March 05, 2016

Running Ansible 2 Programmatically

Ansible 2 is out, and that means it's time to upgrade the previous article on Running Ansible Programmatically for Ansible 2, which has significant API changes under the hood.

Use Case

At work, we are spinning up hosted trials for a historically on-premise product (no multi-tenancy).

To ensure things run smoothly, we need logging and reporting of Ansible runs while these trials spin up or are updated.

Each server instance (installation of the application) has unique data (license, domain configuration, etc).

Running Ansible programmatically gives us the most flexibility and has proven to be a reliable way to go about this.

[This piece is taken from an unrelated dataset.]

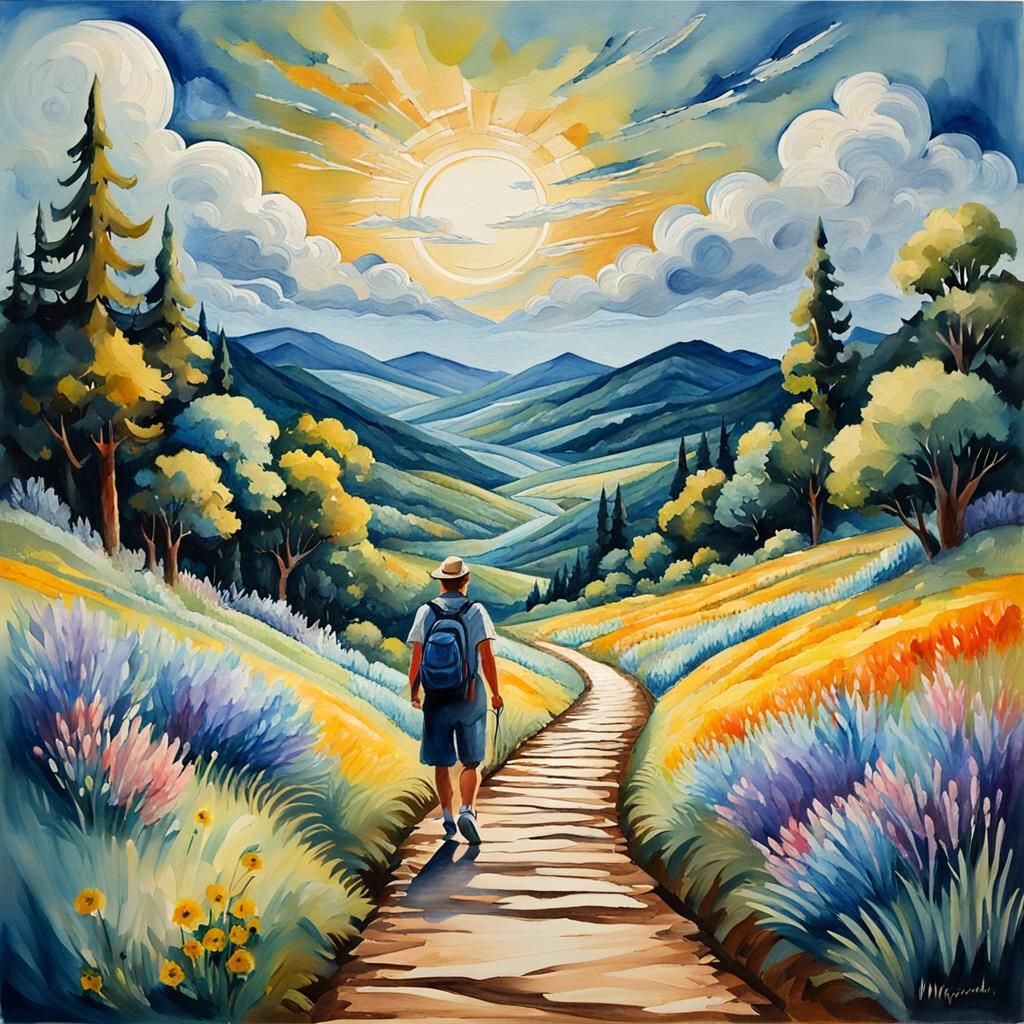 Impressionist Gouache Painting of a Journey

At the cost of some code complexity, we gain the ability to avoid generating host and variable files on the system (although dynamic host generations may have let us do this - this is certainly not THE WAY™ to solve this problem).

There are ways to accomplish all of this without diving into Ansible's internal API. The trade-off seems to be control vs "running a CLI command from another program", which always feels dirty.

Learning some of Ansible's internals was fun, so I went ahead and did it.

Overall, there's just more control when calling the Ansible API programmatically.

Install Dependencies

Ansible 2 is the latest stable, so we don't need to do anything fancy to get it. We can get a virtual environment (Python 2.7, because I live in the stone-age) up and running and install dependencies into it. I'm using an Ubuntu server in this case:

# Get pip
sudo apt-get install -y python-pip

# Get/udpate pip and virtualenv
sudo pip install -U pip virtualenv

# Create virtualenv
cd /path/to/runner/script
virtualenv ./.env
source ./env/bin/activate

# Install Ansible into the virtualenv
pip install ansible

Then, with the virtual environment active, we call upon Ansible from our Python scripts.

Ansible Config

In the Ansible 1 series, I first tried and eventually gave up pon trying to set the path to the ansible.cfg file in code. I didn't even try again in Ansible 2, opting instead to (again) set the environmental variable ANSIBLE_CONFIG.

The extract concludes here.